Subsidiairement, la caisse fait valoir que rien ne démontre une mise en place effective de la résidence alternée de [H].

Par conclusions remises le 13 février 2025, soutenues oralement, M. [B] [Z] demande à la cour de :

– confirmer le jugement,

– y ajoutant, débouter la caisse de ses demandes et la condamner à lui payer la somme de 2 500 euros sur le fondement de l’article 37 de la loi du 10 juillet 1991.

Il fait valoir que, dans son jugement du 14 avril 2022, le juge des enfants de Rouen relève que si la résidence de [H] est judiciairement fixée chez lui, les parents sont convenus, en accord avec elle, de la mise en ‘uvre d’une résidence alternée effective depuis l’automne 2021 et que [H] n’est devenue à la charge de sa mère que début septembre 2022. Il soutient que la question est de savoir s’il est une personne qui assume, dans quelques conditions que ce soit, la charge effective et permanente de l’enfant pour bénéficier de la majoration du plafond de ressources de l’article D. 821-2 alinéa 2 du code de la sécurité sociale ; que la garde alternée est prévue par le code civil, de sorte qu’un parent qui accueille son enfant dans ce cadre assume bien la charge effective et permanente de celui-ci, par séquences.

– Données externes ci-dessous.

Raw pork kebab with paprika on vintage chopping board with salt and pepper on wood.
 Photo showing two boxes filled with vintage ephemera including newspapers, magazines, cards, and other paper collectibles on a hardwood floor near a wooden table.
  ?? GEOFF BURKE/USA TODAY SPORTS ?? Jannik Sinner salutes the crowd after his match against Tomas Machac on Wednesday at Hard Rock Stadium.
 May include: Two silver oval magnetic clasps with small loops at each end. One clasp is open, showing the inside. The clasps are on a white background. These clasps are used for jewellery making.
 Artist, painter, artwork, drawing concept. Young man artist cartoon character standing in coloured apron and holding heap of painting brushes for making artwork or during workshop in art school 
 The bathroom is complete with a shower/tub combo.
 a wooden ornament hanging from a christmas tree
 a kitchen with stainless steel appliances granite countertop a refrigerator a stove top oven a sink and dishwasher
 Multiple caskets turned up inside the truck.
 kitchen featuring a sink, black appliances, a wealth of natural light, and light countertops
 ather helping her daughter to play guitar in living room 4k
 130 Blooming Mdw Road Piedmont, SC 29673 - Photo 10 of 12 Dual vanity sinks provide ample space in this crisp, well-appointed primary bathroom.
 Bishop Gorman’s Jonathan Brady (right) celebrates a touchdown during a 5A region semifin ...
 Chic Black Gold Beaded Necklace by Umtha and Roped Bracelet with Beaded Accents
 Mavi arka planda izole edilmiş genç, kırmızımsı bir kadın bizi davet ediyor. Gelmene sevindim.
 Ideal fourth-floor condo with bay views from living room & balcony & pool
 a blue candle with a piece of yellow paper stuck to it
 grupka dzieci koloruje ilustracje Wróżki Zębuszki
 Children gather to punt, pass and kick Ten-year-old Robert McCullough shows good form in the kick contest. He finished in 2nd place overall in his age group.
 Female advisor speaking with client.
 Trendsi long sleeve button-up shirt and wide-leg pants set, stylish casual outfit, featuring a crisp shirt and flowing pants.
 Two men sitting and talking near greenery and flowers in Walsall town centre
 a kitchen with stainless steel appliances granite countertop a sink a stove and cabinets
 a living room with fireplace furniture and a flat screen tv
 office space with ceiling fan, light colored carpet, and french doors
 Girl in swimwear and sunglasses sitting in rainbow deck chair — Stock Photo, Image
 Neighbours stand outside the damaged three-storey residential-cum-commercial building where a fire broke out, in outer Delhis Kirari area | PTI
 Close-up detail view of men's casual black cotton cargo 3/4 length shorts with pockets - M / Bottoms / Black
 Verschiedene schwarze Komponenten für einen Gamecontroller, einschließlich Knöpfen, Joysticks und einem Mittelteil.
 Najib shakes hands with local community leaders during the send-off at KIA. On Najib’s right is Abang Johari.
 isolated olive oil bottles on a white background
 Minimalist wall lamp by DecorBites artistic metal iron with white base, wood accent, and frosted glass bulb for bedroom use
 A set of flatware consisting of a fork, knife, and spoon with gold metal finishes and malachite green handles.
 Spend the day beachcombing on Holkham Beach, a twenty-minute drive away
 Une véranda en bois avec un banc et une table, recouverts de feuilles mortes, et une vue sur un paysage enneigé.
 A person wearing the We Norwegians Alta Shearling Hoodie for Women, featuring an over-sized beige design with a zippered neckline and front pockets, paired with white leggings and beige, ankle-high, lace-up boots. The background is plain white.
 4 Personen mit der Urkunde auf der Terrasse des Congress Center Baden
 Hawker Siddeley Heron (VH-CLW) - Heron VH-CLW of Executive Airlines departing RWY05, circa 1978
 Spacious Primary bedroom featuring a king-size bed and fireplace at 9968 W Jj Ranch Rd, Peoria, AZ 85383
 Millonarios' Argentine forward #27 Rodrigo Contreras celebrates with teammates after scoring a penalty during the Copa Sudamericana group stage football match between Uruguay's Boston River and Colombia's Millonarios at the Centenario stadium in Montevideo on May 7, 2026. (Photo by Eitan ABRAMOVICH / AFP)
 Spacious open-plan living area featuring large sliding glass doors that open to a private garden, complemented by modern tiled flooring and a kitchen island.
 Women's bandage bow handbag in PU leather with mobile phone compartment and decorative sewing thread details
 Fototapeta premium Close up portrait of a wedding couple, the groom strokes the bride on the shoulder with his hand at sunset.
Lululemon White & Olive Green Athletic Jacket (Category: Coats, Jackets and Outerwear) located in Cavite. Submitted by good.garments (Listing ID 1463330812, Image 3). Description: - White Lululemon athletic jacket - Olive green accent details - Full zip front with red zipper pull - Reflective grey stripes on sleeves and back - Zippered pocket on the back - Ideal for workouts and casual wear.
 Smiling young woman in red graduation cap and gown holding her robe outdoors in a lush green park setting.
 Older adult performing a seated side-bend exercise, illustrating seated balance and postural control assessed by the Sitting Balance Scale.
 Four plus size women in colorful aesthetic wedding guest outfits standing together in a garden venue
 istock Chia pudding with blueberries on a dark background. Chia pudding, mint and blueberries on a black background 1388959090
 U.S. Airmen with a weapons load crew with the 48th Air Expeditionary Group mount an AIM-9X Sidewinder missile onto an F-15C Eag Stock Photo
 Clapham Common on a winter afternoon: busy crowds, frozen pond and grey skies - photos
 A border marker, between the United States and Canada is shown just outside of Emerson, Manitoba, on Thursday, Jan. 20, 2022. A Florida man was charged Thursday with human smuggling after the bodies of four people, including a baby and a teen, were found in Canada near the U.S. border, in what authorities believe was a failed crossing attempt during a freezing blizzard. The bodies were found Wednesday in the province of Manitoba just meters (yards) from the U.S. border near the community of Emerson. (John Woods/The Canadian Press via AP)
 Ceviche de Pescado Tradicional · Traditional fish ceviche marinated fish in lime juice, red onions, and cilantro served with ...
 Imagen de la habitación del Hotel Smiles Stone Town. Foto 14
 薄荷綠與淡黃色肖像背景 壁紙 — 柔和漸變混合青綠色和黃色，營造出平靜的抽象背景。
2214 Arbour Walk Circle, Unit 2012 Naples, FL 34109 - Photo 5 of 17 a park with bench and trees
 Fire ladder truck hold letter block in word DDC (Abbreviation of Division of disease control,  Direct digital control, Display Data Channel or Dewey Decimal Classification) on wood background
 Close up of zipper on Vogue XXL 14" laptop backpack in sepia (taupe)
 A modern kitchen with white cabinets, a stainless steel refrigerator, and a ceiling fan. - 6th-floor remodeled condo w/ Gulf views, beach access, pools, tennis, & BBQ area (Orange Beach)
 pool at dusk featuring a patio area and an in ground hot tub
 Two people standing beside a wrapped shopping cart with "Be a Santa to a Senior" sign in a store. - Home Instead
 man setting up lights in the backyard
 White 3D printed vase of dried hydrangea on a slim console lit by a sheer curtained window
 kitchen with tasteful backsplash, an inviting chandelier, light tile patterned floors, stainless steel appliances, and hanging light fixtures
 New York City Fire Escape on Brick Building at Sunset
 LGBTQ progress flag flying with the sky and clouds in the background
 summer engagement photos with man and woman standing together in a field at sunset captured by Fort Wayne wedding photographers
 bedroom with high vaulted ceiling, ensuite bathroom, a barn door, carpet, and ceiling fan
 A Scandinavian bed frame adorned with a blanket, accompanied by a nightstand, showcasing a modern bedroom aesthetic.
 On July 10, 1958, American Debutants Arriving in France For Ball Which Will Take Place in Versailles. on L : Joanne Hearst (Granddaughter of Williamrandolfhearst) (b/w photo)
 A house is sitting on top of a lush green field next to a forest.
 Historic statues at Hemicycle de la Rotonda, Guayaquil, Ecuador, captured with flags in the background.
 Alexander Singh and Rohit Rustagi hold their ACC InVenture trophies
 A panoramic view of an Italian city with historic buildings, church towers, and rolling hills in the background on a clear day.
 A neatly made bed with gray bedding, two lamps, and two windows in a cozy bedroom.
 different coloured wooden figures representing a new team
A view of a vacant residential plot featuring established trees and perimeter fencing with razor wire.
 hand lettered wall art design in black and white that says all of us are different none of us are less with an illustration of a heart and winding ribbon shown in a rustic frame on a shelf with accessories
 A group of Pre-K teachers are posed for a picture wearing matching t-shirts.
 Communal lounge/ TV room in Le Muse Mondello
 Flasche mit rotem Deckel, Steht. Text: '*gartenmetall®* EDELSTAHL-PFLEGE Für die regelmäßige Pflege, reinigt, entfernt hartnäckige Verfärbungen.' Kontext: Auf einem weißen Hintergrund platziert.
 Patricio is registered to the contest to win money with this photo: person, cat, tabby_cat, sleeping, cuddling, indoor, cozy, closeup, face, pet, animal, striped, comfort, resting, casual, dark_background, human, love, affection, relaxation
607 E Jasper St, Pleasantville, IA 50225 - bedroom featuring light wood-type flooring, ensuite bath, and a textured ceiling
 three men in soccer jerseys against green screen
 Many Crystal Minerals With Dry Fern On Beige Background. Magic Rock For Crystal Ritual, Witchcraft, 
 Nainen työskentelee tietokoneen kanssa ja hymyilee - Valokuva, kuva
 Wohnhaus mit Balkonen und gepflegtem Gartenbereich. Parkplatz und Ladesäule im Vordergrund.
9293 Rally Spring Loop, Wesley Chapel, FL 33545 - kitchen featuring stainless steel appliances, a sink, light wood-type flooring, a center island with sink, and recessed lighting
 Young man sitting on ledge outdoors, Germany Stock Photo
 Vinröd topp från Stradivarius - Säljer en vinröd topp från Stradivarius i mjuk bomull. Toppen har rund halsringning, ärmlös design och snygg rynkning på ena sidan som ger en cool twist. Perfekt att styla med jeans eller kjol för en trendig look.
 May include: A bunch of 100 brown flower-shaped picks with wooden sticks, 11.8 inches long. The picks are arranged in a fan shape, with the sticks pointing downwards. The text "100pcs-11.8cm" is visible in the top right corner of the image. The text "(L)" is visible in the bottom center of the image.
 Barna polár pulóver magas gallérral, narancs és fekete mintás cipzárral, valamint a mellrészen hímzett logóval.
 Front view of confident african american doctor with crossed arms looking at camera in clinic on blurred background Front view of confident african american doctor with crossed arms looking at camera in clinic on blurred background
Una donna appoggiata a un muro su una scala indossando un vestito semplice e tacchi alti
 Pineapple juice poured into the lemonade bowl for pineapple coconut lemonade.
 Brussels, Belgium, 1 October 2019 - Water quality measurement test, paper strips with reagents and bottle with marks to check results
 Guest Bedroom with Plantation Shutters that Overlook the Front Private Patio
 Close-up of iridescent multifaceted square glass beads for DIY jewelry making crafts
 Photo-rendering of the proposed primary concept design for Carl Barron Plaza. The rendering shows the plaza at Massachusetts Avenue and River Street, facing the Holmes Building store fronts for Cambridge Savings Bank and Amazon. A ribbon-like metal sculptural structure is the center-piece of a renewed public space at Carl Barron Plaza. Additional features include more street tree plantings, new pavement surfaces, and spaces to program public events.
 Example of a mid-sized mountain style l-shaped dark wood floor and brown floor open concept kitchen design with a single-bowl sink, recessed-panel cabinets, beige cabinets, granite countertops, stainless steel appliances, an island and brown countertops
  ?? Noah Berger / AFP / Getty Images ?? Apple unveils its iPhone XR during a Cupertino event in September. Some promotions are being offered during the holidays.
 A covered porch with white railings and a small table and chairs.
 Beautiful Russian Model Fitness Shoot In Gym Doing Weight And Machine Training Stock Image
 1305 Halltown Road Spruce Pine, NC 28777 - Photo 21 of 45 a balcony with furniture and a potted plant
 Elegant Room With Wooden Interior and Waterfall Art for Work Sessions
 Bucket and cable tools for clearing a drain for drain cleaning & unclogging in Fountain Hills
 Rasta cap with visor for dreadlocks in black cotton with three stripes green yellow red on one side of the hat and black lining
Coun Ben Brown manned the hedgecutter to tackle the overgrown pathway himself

Il en déduit que cette situation doit être prise en compte pour le calcul des droits à prestations comme l’AAH et que la caisse ne peut invoquer un arrêt rendu par la Cour de cassation concernant l’allocation d’éducation de l’enfant handicapé, qui est une prestation familiale, au contraire de l’AAH.

Il est renvoyé aux conclusions des parties pour l’exposé détaillé de leurs moyens.

PAR CES MOTIFS

La cour, statuant publiquement, par mise à disposition au greffe, contradictoirement, en dernier ressort :

Infirme le jugement du pôle social du tribunal judiciaire de Rouen du 14 mai 2024 :

– en ce qu’il a annulé l’indu d’allocation aux adultes handicapés sur la période de novembre 2021 à mai 2022, notifié à M. [B] [Z] par la caisse d’allocations familiales de Seine maritime par courrier du 10 août 2022,

– s’agissant des dépens ;

Statuant à nouveau de ce chef et y ajoutant :

Condamne M. [B] [Z] à payer à la caisse d’allocations familiales de Seine-Maritime la somme de 2 713,55 euros à titre de solde restant dû du trop-perçu d’AAH du 1er novembre 2021 au 31 juillet 2022 ;

Condamne M. [B] [Z] aux dépens de première instance et d’appel ;

Le déboute de sa demande fondée sur l’article 37 de la loi du 10 juillet 1991 ;

Déboute la caisse d’allocations familiales de Seine-Maritime de sa demande fondée sur l’article 700 du code de procédure civile.